Applications of Newton’s Laws in AP Physics C Mechanics: Modeling Real Forces

Friction (Static and Kinetic)

What friction is (and what it is not)

Friction is a contact force that acts along the surface of contact between two objects. Its job, physically, is to oppose relative motion (kinetic friction) or impending relative motion (static friction) between the surfaces.

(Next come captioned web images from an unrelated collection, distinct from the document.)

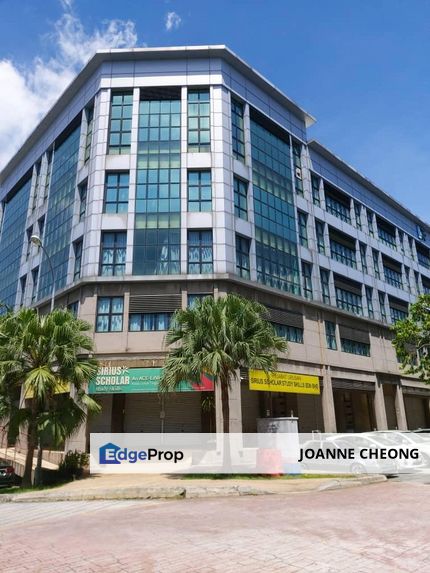 Subang Jaya USJ 4 Storey Commercial Lot For Rent, Selangor, Subang Jaya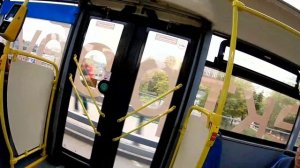 Московский электробус: Маршрут Т73 «Алтуфьевское шоссе д. 102» - «ВДНХ (южная)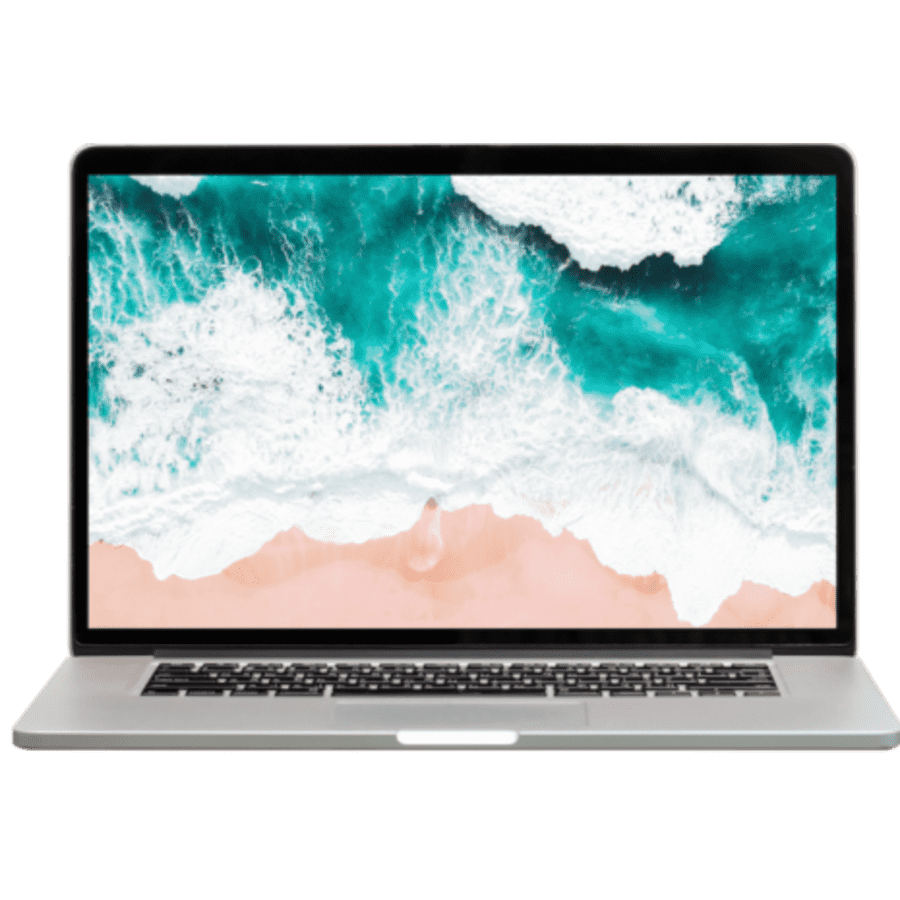 Apple MacBook Pro i7 15" Retina Laptop (2015) for $439
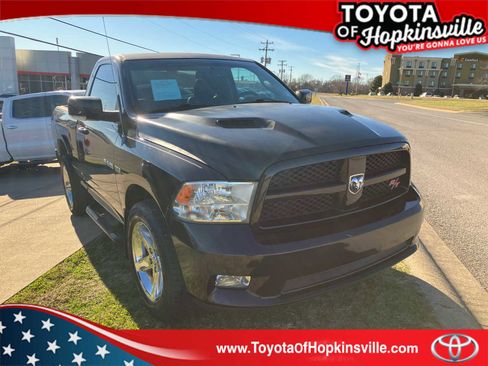 Used 2010 Dodge Ram 1500 Truck R/T image 1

A key idea that makes friction tricky is that it is not a single “always-the-same” force. In many problems, friction is whatever magnitude is needed (up to a limit) to enforce the actual motion you observe. That is why friction is an “application” of Newton’s laws: you usually can’t decide the friction force until you combine a correct free-body diagram with Newton’s second law and the constraint (slipping or not slipping).

Friction matters because it is one of the most common reasons real motion differs from idealized motion. It also creates common AP exam traps: assuming the wrong direction, using the wrong magnitude, or assuming $N = mg$ when it is not.

Static friction

Static friction is the friction force when the surfaces are not sliding relative to each other at the contact. Static friction adjusts to whatever value is necessary to prevent slipping, up to a maximum.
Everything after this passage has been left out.